Hello,
On the page 25 of the book The Rust Programming Language, 2nd Edition, there is an exmaple
use std::io;
use std::cmp::Ordering;
use rand::Rng;
fn main() {
println!("Guess the number!");
let secret_number=rand::thread_rng().gen_range(1..=100);
println!("Please input your guess.");
let mut guess=String::new();
io::stdin()
.read_line(&mut guess)
.expect("Failed to read line.");
let guess:u32=guess
.trim()
.parse()
.expect("Please type a number!");
println!("You guessed: {guess}");
match guess.cmp(&secret_number){
Ordering::Less =>println!("Too small!"),
Ordering::Greater=>println!("Too big!"),
Ordering::Equal=>println!("You win!"),
}
}
There is a mut before the guess in read_line(&mut guess) but not a mut after match. What is the reason and when should I add a mut?
read_line is a function that has one parameter. The type of the parameter is &mut String, which is a mutable reference to a String. The reason a mutable reference is needed is because read_line will modify the string. When you have a String in a variable, guess in this case, you pass it as this type with the syntax &mut guess. This passes a mutable reference to guess.
match is not a function.

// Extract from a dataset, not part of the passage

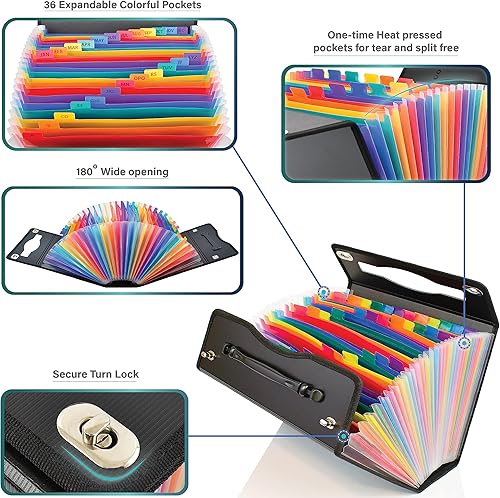 Miniatura 36 de CNK Carpetas de archivos de acordeón con 24 bolsillos, organizador para documentos, carpetas de almacenamiento de documentos, carpeta expandible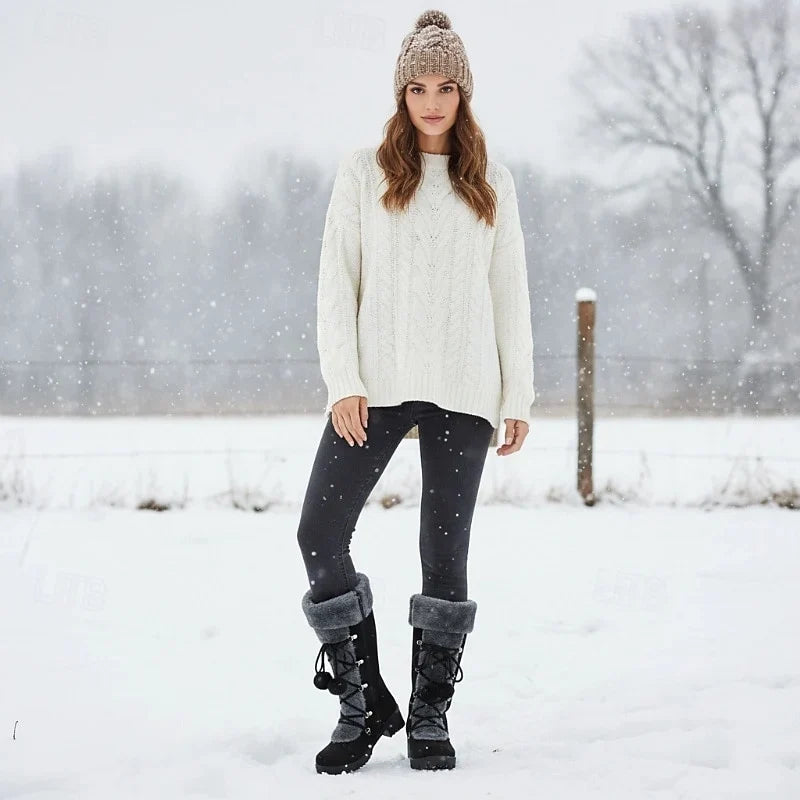 Women's Fur Trim Lace-Up Winter Boots Women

The expression after match does not need to be a mutable reference, because the rest of the match expression (everything in the braces) doesn't require it. This match statement reads the expression, but doesn't modify it.
(I have to say that Rust is very difficult to learn as your first language. You can do it. But an easier route is to first learn a simpler language like Python or Go, and then learn Rust.)
You mean, what's the difference between read_line(&mut guess) and guess.cmp(&secret_number)? Simply put, that's different syntax for different types.
In Rust, references (or borrows, as they are also called) are full-blown types, just like numbers and strings are. For every type T, like i32 or String, there is a type of shared, or immutable, references to this type, &T, and a type of exclusive, or mutable, ones, &mut T. The syntax for creating such references mirrors the syntax for type itself: if you have value val of type T, you can create &val of type &T and &mut val of type &mut T.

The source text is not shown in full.